Lecture objectives and roadmap
Compute scaling motivates hardware-focused optimization
CPUs optimize latency while GPUs optimize throughput
GPU physical chip structure and memory proximity determine performance
GPU execution granularity: blocks, warps and threads
Logical memory model: registers, shared, and global memory
TPU architecture is conceptually similar to GPUs with MXU specialization
Matrix multiplies and tensor cores drive GPU value for ML
Compute has outpaced memory growth, making memory movement the bottleneck
Summary of GPU characteristics to guide optimization
Roofline model explains memory- vs compute-bound regimes
Warp divergence from conditionals degrades throughput
Lower-precision arithmetic increases effective memory bandwidth
Operator fusion reduces global memory traffic by composing kernels
Recomputation trades compute for memory to reduce global accesses
DRAM burst transfers and memory coalescing shape effective bandwidth
Tiling reuses on-chip memory to amortize global memory cost
Tiling arithmetic: global reads scale with N/T and shared reads scale with T
Tile-size discretization and alignment cause large throughput variance
Wave quantization: tiles, SM count and occupancy create cliffs
Practical optimization checklist for GPU kernels
Flash Attention uses tiling and recomputation to reduce HBM accesses for attention
Attention computation is tiled but softmax is a global normalization challenge
Online softmax enables tile-by-tile softmax computation
Flash Attention integrates tiled matmuls and recomputation for forward and backward passes
Final takeaway: optimize data movement first, then compute

Lecture objectives and roadmap

The lecture introduces the goals: demystify CUDA / GPUs and equip practitioners to accelerate model components with GPU-aware algorithms and implementations.

Roadmap (three parts):

Understand GPU hardware and execution model — learn SMs, warps, memory hierarchy, latency vs throughput tradeoffs.
Analyze performance characteristics — why GPUs are fast on some workloads and slow on others, and how to measure bottlenecks.
Apply lessons to implement high-performance primitives — practical examples such as Flash Attention.

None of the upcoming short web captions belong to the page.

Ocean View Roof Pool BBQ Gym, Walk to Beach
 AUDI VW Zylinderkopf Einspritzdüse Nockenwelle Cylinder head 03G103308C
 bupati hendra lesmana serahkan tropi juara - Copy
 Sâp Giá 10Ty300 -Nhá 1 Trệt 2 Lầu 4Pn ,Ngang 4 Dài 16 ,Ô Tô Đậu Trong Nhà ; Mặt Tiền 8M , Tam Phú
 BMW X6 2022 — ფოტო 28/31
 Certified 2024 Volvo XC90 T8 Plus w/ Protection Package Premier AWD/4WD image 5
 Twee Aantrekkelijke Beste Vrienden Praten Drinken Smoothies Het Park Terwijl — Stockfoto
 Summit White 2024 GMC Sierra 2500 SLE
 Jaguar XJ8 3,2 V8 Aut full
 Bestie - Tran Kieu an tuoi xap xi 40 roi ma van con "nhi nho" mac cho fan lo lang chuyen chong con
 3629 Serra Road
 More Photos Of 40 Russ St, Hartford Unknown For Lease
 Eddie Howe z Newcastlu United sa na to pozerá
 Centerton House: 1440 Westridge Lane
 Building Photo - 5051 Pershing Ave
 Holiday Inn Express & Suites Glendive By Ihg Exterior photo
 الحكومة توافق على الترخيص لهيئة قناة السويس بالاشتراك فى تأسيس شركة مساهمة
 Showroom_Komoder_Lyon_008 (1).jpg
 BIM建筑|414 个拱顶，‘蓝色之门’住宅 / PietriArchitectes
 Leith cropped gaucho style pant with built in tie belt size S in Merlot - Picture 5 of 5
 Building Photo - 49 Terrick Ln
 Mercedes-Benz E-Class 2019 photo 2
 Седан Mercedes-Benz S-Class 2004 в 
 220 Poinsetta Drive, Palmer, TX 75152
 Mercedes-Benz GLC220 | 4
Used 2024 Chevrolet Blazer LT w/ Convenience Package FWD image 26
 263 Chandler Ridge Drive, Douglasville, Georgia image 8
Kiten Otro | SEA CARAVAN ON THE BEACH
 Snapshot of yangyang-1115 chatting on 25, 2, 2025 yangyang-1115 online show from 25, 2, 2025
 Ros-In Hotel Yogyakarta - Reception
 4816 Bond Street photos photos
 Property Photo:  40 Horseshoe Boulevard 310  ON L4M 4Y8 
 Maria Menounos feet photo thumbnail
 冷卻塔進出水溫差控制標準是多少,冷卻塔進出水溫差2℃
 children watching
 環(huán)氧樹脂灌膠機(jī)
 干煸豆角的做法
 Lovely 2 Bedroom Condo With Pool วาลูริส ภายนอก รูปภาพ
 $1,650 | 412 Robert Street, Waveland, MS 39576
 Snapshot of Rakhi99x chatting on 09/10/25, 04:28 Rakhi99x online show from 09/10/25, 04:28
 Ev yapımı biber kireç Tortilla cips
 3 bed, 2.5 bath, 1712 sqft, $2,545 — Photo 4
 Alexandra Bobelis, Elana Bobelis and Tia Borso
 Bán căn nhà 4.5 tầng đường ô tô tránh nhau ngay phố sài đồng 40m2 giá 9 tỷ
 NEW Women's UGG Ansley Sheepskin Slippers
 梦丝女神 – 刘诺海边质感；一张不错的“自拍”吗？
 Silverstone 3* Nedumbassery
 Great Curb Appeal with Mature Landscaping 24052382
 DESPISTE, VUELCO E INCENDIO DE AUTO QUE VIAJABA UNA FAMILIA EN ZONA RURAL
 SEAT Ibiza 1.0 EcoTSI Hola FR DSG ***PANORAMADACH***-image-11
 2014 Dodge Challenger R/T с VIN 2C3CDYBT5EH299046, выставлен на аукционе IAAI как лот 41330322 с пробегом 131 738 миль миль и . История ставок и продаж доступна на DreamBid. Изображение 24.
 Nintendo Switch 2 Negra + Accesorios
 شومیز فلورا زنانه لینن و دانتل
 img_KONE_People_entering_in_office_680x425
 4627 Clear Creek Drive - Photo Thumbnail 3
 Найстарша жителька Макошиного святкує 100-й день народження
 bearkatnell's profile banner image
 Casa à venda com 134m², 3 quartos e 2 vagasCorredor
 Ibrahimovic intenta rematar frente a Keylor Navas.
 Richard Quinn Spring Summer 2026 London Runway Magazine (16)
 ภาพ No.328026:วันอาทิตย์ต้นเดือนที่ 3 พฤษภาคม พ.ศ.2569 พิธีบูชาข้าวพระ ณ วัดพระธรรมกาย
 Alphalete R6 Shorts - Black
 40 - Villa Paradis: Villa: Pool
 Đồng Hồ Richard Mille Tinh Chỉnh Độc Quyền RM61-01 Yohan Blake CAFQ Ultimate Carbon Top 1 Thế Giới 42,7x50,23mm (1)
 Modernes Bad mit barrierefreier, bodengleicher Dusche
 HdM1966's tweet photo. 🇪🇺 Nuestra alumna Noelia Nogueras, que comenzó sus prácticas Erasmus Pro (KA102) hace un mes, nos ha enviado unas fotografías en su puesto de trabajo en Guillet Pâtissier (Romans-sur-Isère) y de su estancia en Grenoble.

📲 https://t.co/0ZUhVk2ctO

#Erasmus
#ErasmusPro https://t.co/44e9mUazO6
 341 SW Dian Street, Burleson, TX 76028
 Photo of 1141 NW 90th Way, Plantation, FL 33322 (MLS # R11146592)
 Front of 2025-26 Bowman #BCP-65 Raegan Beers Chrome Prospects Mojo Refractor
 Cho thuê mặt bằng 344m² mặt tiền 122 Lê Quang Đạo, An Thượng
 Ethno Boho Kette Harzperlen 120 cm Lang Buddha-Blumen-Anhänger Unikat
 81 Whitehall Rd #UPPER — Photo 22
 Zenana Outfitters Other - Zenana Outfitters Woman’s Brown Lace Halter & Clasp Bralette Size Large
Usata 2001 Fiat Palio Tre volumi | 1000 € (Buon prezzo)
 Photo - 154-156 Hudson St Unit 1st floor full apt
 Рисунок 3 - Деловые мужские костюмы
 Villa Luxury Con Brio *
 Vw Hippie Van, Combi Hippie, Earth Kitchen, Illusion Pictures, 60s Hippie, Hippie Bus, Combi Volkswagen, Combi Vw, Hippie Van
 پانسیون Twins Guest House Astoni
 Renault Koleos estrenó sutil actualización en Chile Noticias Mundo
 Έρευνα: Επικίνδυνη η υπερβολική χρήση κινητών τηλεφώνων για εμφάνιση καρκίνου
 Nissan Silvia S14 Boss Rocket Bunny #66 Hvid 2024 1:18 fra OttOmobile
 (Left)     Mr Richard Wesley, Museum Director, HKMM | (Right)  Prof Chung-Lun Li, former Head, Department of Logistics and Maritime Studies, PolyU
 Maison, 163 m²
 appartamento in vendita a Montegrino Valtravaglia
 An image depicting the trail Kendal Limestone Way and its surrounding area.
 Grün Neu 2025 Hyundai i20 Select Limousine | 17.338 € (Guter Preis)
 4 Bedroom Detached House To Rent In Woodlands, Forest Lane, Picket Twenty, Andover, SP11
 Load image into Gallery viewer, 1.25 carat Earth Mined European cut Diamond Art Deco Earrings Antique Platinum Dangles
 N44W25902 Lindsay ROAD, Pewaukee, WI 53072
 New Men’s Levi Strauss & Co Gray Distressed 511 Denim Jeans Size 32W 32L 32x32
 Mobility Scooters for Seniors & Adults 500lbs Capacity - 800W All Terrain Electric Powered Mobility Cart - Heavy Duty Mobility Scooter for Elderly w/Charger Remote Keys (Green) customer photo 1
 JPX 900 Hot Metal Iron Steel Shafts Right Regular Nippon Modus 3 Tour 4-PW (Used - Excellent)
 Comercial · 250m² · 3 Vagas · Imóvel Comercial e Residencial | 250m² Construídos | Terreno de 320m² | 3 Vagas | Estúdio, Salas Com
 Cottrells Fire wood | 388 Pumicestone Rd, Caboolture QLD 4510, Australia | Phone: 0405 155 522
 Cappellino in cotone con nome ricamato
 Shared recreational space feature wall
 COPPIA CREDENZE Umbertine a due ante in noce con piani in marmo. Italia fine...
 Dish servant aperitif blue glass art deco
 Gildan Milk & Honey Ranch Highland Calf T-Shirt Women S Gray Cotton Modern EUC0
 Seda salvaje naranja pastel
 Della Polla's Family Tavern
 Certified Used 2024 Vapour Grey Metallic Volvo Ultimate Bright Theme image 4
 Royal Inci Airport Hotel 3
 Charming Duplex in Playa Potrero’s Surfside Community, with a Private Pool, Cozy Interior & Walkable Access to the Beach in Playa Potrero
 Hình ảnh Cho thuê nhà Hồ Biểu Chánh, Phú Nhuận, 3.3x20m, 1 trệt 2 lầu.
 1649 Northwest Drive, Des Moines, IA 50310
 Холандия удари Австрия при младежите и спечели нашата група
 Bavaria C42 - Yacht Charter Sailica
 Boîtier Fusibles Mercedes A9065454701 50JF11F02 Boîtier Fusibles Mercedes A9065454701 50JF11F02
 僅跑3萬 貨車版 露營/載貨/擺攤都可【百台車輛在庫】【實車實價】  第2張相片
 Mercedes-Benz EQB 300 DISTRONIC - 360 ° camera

The segment also frames assignments and resources for deeper study, and sets expectations for the remainder of the talk.

Compute scaling motivates hardware-focused optimization

Compute scaling and historical semiconductor trends explain why parallel hardware matters for modern deep learning workloads.

Dennard scaling and Moore’s Law drove decades of single-thread frequency and IPC increases.
When single-thread throughput plateaued, the performance story shifted to parallel scaling across many cores.
The result: exponential growth in aggregate integer / FLOP throughput across GPU generations.
Consequence: efficient utilization of massively parallel accelerators is the key lever for model scaling and performance.

CPUs optimize latency while GPUs optimize throughput

CPUs and GPUs are architected for different goals, which dictates different programming and algorithmic approaches.

CPUs:
- Allocate significant die area to control logic, branch prediction, and single-thread performance.
- Optimized to minimize latency for individual tasks and handle complex control flow.
GPUs:
- Trade control for massive numbers of ALUs to maximize aggregate throughput.
- Expose many simple processing elements that execute the same instruction across many data elements (SIMT).
- Deliver extremely high parallel FLOPS at the cost of higher per-thread latency and simplified control.

Implication: design for latency-sensitive workloads on CPUs and throughput-oriented workloads on GPUs, with algorithms and kernels matched accordingly.

GPU physical chip structure and memory proximity determine performance

A GPU chip is organized into many Streaming Multiprocessors (SMs) with a layered memory system and strong locality considerations.

Per-SM fast memory: registers, L1, and shared memory (very low latency).
Chip-level caches and external memory: L2 and external DRAM (HBM or GDDR) (much higher latency).
Physical proximity matters: on‑SM accesses take tens of cycles, global memory accesses can take hundreds of cycles.

Design implication: minimize transfers from global memory and exploit SM-local storage to keep compute units busy.

GPU execution granularity: blocks, warps and threads

GPU execution organizes work into blocks, warps, and threads — understanding this mapping is critical for high utilization.

Block: the unit scheduled onto an SM; contains many threads and can use shared memory visible to the block.
Warp: typically 32 threads that execute the same instruction in lockstep (SIMT).
Thread: the smallest program unit, with private registers.

Key points:

A block is assigned to a single SM and is executed in warps.
All threads in a warp must follow the same instruction stream; divergence penalizes utilization.
Kernel design must consider mapping from blocks → SMs and threads → warps to achieve memory coalescing and high occupancy.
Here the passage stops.